I usually have a pretty clear view of which way I am going to vote some time in advance of a European or general election. (I have to say, no doubt to my shame, that I rarely bother with local elections unless they happen to coincide, as now, with another one. I simply don't know how the local parties' policies stack up for my area and there seems little easy way of finding out.)
This time, with two days to go, I am still unsure.
I think what in the end will guide me is that on this occasion we have a European election, and I should therefore vote on European issues. On this, David Cameron has disappointed me. The Conservative party policy of holding a referendum on whether to attempt to renegotiate an international treaty (the Lisbon treaty) after it has already been ratified by the UK government seems to me to be madness. My worry is that he is still at least partly a captive of the loony right wing of his party which has forgotten that Britain has lost an empire and which harbours the vain hope of re-establishing special trading areas with its former members, and an even more loony group who think the UK should apply to become a state of the United States. Possibly David Cameron calculates that Gordon Brown will not call an election before next May, and that in the meantime the other EU countries remaining to ratify it (principally Ireland, the Czech Republic, Germany and Poland) will do him a favour by doing so, thus conveniently making it a done deal.
Or even more worryingly, perhaps David Cameron really means it. I would not despair of a referendum being lost and reason prevailing, but the political atmosphere is so febrile at the moment that rational debate is likely to be drowned out by a "sod the lot of them" attitude which will take the opportunity to say no to anything. On such little things are great issues decided.

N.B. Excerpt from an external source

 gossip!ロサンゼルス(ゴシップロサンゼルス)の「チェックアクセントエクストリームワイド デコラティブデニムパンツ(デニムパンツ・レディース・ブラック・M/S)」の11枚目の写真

I had hopes, but also some suspicions, when Gordon Brown became Prime Minister. My suspicions seem to have triumphed: what is left of the Labour party seems to be the old municipal machine of closed-door fixers who think the ends justify any means, exported to the national scene. We have councils on this, conventions on that, consultations on the other, all carefully stage managed so that the only outcomes which will emerge are those which have already been decided. We have had behind-the-scenes filth coming from political aides within 10 Downing Street itself, turned on other members of the government. We have an ever more centralist and directive party which will only consider pretend devolution within England lest it cede any powers, and which is incapable of dealing with the anomalies which their devolution policies have created within the UK. We have a database government which has lost a clear vision of human and civil rights.
Oh dear. Many religions and early societies have purification ceremonies with which adherents may cleanse themselves after carrying out some unpleasant but necessary duty. Someone should provide a ceremony for those answering the call to vote on Thursday.